Developer Tools

llama.cpp b9109 adds parallel drafting for faster speculative decoding

New release lets multiple draft models run in parallel to boost inference speed.

Deep Dive

The latest release of llama.cpp (b9109) by ggml-org introduces parallel drafting support for speculative decoding, a technique that accelerates autoregressive generation by having a smaller draft model propose tokens that a larger target model then verifies. Instead of a single draft model, this update allows multiple speculator types to be specified in a vector, each running sequentially in a draft loop. At each step, the system picks the best draft (the one maximizing expected accepted tokens) by computing the product of acceptance probability and draft length. Async evaluation keeps drafting efficient while the target model is verifying.

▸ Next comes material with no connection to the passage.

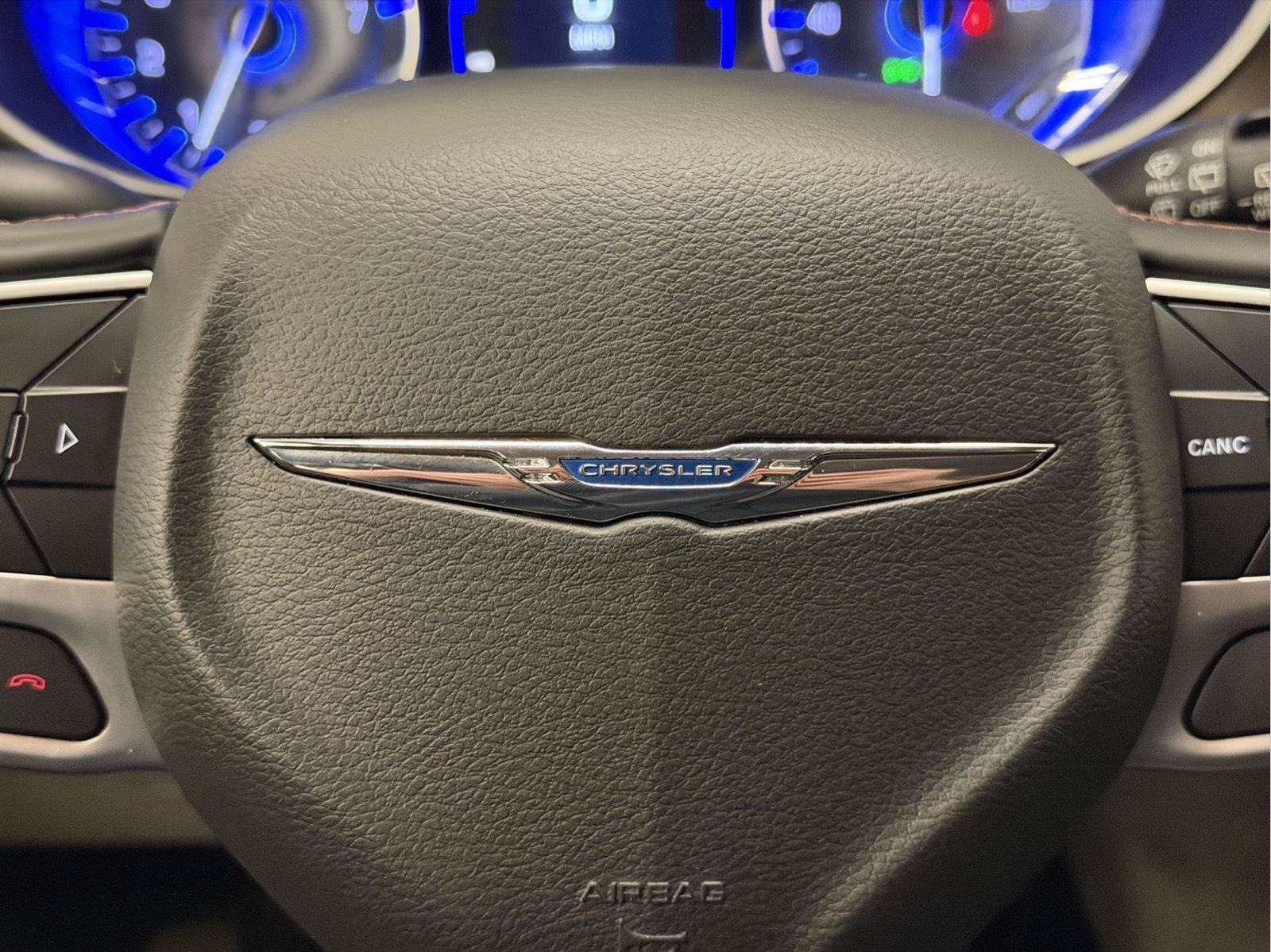 Used 2018 Chrysler Pacifica Touring-L FWD image 16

This means developers can now combine different draft model strategies — for example, a fast n-gram model and a small transformer — to improve acceptance rates on diverse inputs.

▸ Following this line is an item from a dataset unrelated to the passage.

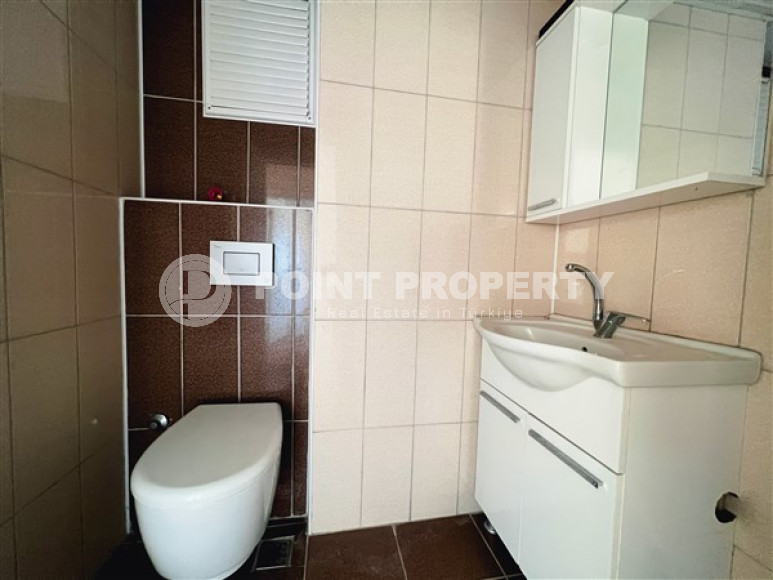 Three-room apartment, 125m², with separate kitchen, unfurnished, in Mahmutlar area-id-2609-photo-12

Beyond parallel drafting, the release refactors the entire speculative system, unifying contexts between main and draft models, adding a dedicated context for multi-sequence speculative generation, and fixing image processing through the draft context for multimodal models. The server side gains a draft prompt cache, checkpointing for long-running drafts, and clearer context naming. It also updates the `speculative-simple` example and improves naming consistency across the codebase. The release ships builds for all major platforms including macOS (Apple Silicon with optional KleidiAI acceleration), Linux (CPU, Vulkan, ROCm, OpenVINO, SYCL), Windows (CPU, CUDA, Vulkan, SYCL, HIP), and Android/iOS. As the most-starred open-source LLM inference project (110k+ stars), this update solidifies llama.cpp's position as the go-to engine for local LLM deployment.

Key Points
  • Parallel drafting support: multiple speculator types run sequentially; the best draft (maximizing expected accepted tokens) is selected per iteration.
  • Chain-of-speculators: users can define a chain of draft models using a vector of `common_speculative_type`, with automatic selection based on acceptance probability and draft length.
  • Server improvements include draft prompt caching, checkpointing for non-ckpt models, async eval, and full support for multimodal draft processing.

Why It Matters

Faster, more efficient local LLM inference—developers can now mix draft models to slash latency without sacrificing quality.